Don't get me wrong: I'm not writing this as a Portlander who only walks, bicycles and takes mass transit. I own a car, and when I'm driving on Interstate 5 or any major highway, I'm hoping for as many lanes as possible, and praying there won't be a traffic slowdown. I see highways and their corresponding bridges as a vital component of the metropolitan infrastructure, something that ideally can pay for itself in greater ease of movement and, thus, economic activity. But even if one were to evaluate the Columbia River Crossing solely as a driver, it's still a bad idea. The project will cost so much that it will use up a lot of our state and federal transit funds. Yet because it's only replacing an existing bridge, save for a few extra lanes it won't give me much. The local bridge to Vancouver would give drivers in both cities easier access to the other side of the Columbia without having to get on a freeway. It would give us easier access to the waterfronts on both sides, and would save finite highway dollars for other places where it's needed, like for a third lane between Salem and Eugene on I-5 to the south, or to build a tunnel for I-5 drivers to replace the Marquam Bridge and related overpasses on Portland's east side. That, unlike the CRC, would dramatically transform the city for the better. On the Columbia Crossing, we're cashing in almost all our chips just to upgrade something we already have.
And that's not even getting into how ugly and banal the CRC design is from an aesthetic point of view.
Honestly, I believe it's likely too late to stop the Columbia River Crossing. Although the Oregon legislature has not yet voted on the project, the 14-2 recommendation by the joint panel indicates that Democrats and Republicans alike are guzzling the Kool-Aid. But theoretically there is still a chance to affect the legislature vote. It would require all of us to contact our state representatives and plea for them to come to their senses. If you're reading this, will you make the call or send the email? Right now we are our only hope.

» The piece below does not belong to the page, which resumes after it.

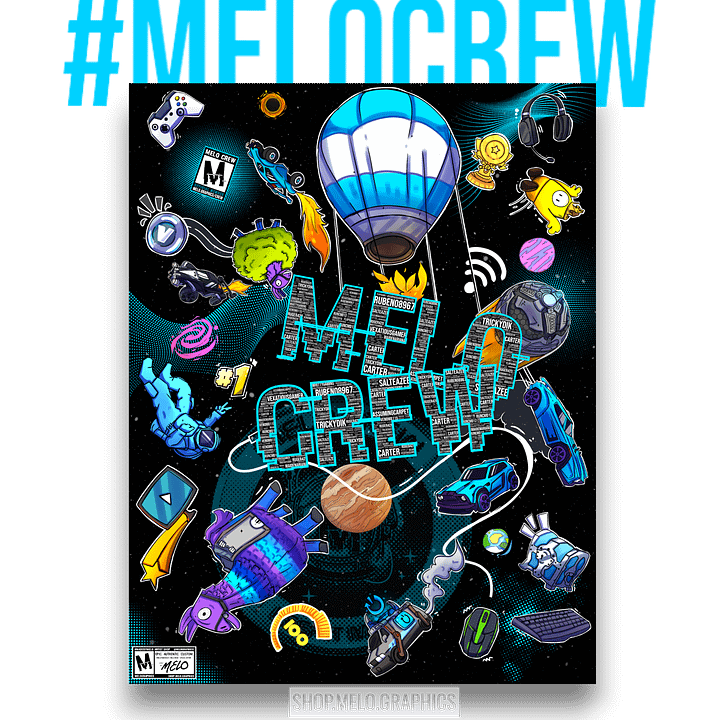 #MELOtober 2024 Personalized MELO CREW Chaos - Matte Poster | #MadeByMELO product image (2)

In my 13 years writing about design and construction in Portland, I've long since gotten used to this city patting itself on the back for being different from other American cities: willing to eschew the domination of automobile-oriented planning, committing to promoting pedestrians and mass transit, choosing density over sprawl, and favoring common-sense transit projects over the tangled concrete spaghetti of Robert Moses-style freeways. (In all honesty, I do a lot of the civic back-patting.) But if we build the Columbia River Crossing, Portland should no longer be able to make such claims. The Columbia River Crossing puts us in the realm of Houston, Phoenix and Las Vegas, letting our metro area be driven by special interests hoping to pave our one-time paradise even when all the statistics and all the common sense shows a better alternative.
In a time of bitter partisanship, the Portland metro area has found a way for Democrats and Republicans to come together, but only in the shame of misleading and misspending on the biggest boondoggle of our time.